THE PROBLEM>
All of the listing is to be written out word for word, with the pictures left out.
───── INPUT DATA
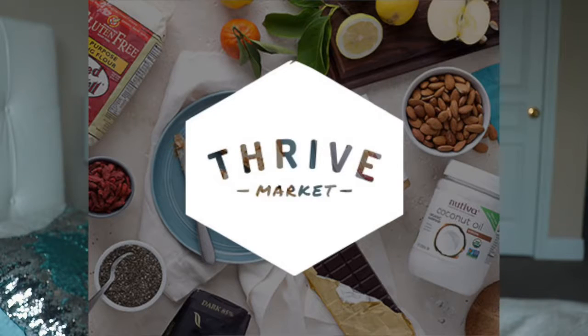Hey guys, it's live today! I am very excited and very in my element because today we are talking about desserts. For this video I partnered with Thrive Market, which is an online grocery store.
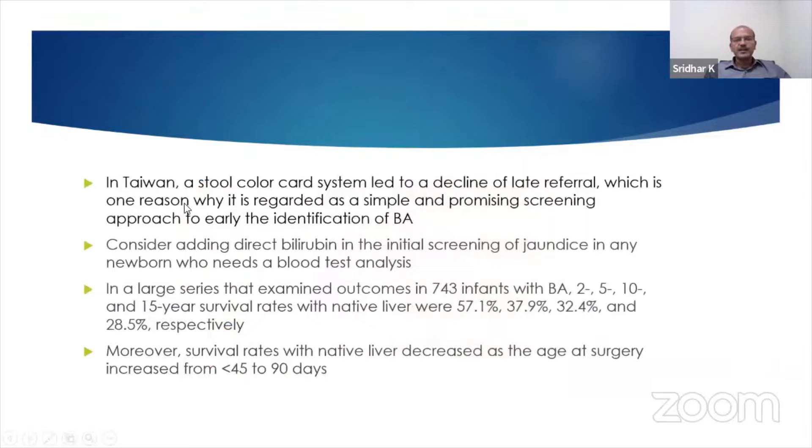To facilitate early diagnosis in Taiwan, a stool-color card system led to a decline in late referral, and this is one reason why it is regarded as a simple and promising screening approach.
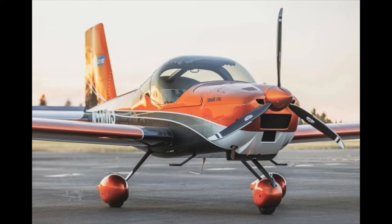This is my RV-12IS. It's a factory-built light sport kit plane. Among its unusual features is the ability to remove the wings so the plane can be transported and stored in a garage. I don't know if anybody actually does that, but it was the design goal of the team that built it.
──────────
TASK RESPONSE>
Hey guys, it's live today! I am very excited and very in my element because today we are talking about desserts. For this video I partnered with Thrive Market, which is an online grocery store.
To facilitate early diagnosis in Taiwan, a stool-color card system led to a decline in late referral, and this is one reason why it is regarded as a simple and promising screening approach.
This is my RV-12IS. It's a factory-built light sport kit plane. Among its unusual features is the ability to remove the wings so the plane can be transported and stored in a garage. I don't know if anybody actually does that, but it was the design goal of the team that built it.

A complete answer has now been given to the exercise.